Beyond the sole scope of corporations, free software creates shared value by directly serving disadvantaged communities, providing incredibly advanced technology to lower-income homes. The beauty of free and open source software (FOSS) is that it can be distributed at no charge. Anyone can install and use a zero-cost operating system and applications, provided by company-sponsored initiatives, such as Fedora or Ubuntu. The open source licenses make it very easy to adapt the products to the needs of users, reusing components already developed by other projects. The GPL, for instance, allows the use of GPL-licensed software for any purpose. Unlike proprietary software, which is bound to countless usage limitations, free and open source software fosters the usage of technology by giving the freedom of use to the end users. Of course, hardware is still needed at some point in time, but open source software can be equally used by people in developed as well as in developing countries, thus providing cutting-edge technology (such as virtualization) at virtually no cost.
Free software companies support the development of free and open source software projects. Their creation, such as the way the Linux kernel is written, is a collaborative approach. Anyone can participate and send patches to correct bugs in the program or launch the development of a brand-new module. Companies relying on such community projects and benefiting from the huge manpower provided by these communities cannot take total control of them. Though they can influence them by offering technological support in the form of contributions, they have to take into account the will and motivation of the community to make sure they still benefit from it. They have to balance between their agenda and the desires of the community. Companies will eventually take benefit from the project, but they have to do so by playing fair and accepting that their views are not shared by all project members. They have to support initiatives which are good for the project, but do not directly serve their interests. Why would they do so? Because they need to partner with the community to be considered a nice player to stay relevant and influential. This attitude, to me, creates shared value, both for the community and for the company.
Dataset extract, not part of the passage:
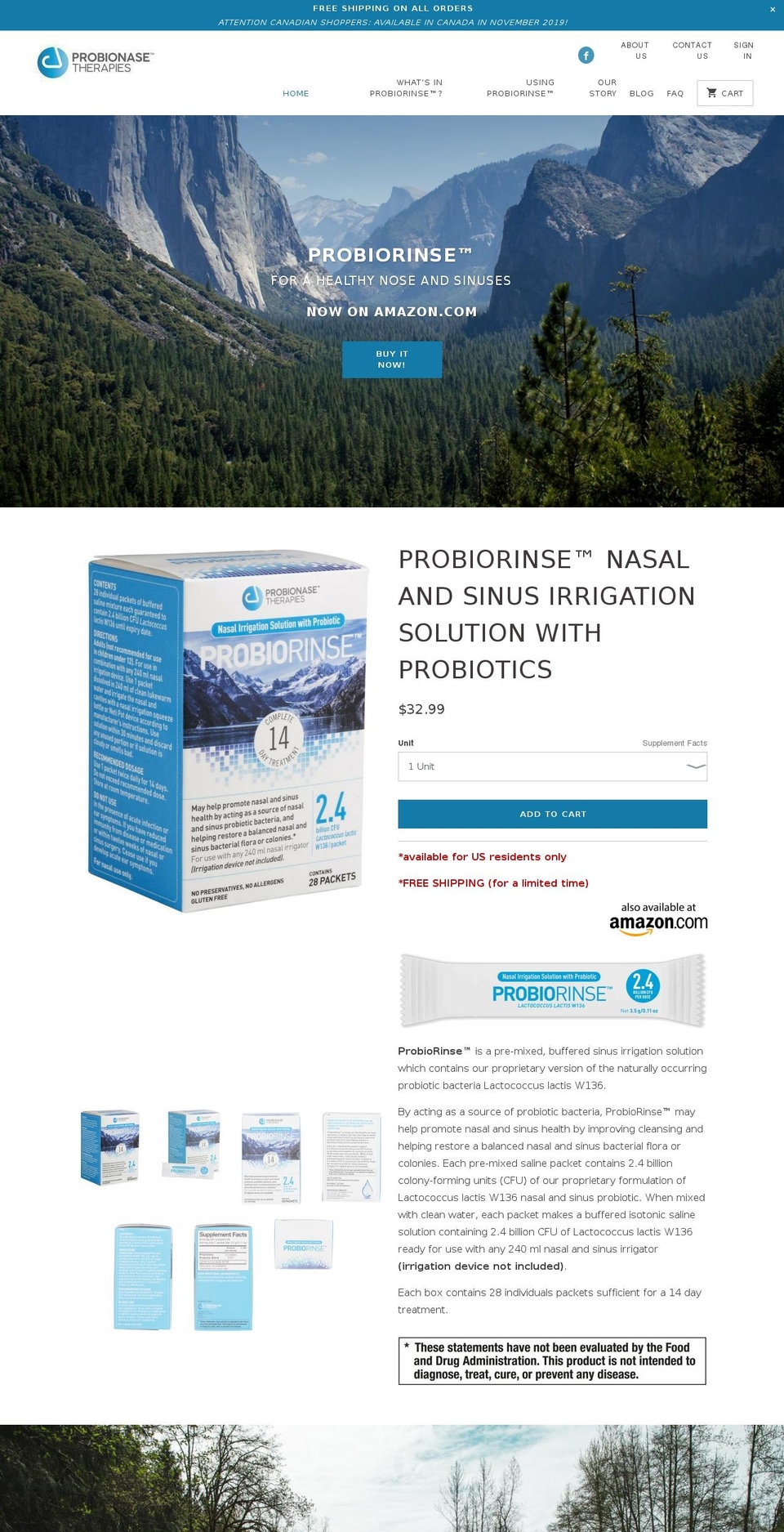 probiorinse.com shopify website screenshot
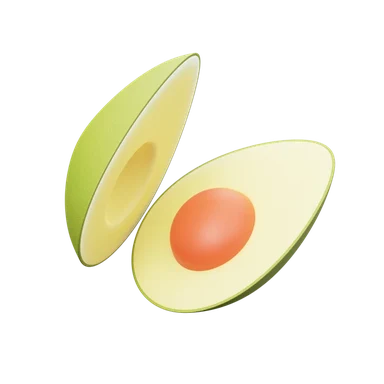 Avocado 3D icon, view 1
For an employee of a free software company, this combination of working for a company and for the greater good is a compelling vision: by working for a company that shares a lot, they have a sense of working on something greater than just their own business. By helping produce software that can be used to the benefit of anyone around the world, they have a feeling of fulfilment, contributing to the global enhancement of societies.
The advantage of the open source development model is that anyone who has access to a decent Internet connection can get access to all the FOSS knowledge (by downloading the source code of the programs) and participate in the process of improving the products by sending improvement suggestions. Obviously, this can be done worldwide–the only prerequisite being sufficient Internet infrastructure and working computer hardware. The work of NGOs, such as Linux4Afrika, help accelerate the penetration of the market in developing countries by providing support, and by teaching classes at very low costs.
I believe companies working in the FOSS ecosystem definitely create shared value. By giving away their software for free, these companies make it accessible to all. By using processes based on the Internet, they make it possible for virtually anyone connected to the Internet to participate in their development and support communities. And finally, by publishing the source code, they allow anyone to take a look at how cutting-edge software is written and learn from it.
The current financial success of free software companies shows that it is possible to combine the ideal of doing something good and make money out of it, measuring their performance on a multi-dimensional scale and not only in financial terms. This success is proof that the business models built around the open source development model are fast-growing, robust, and sustainable.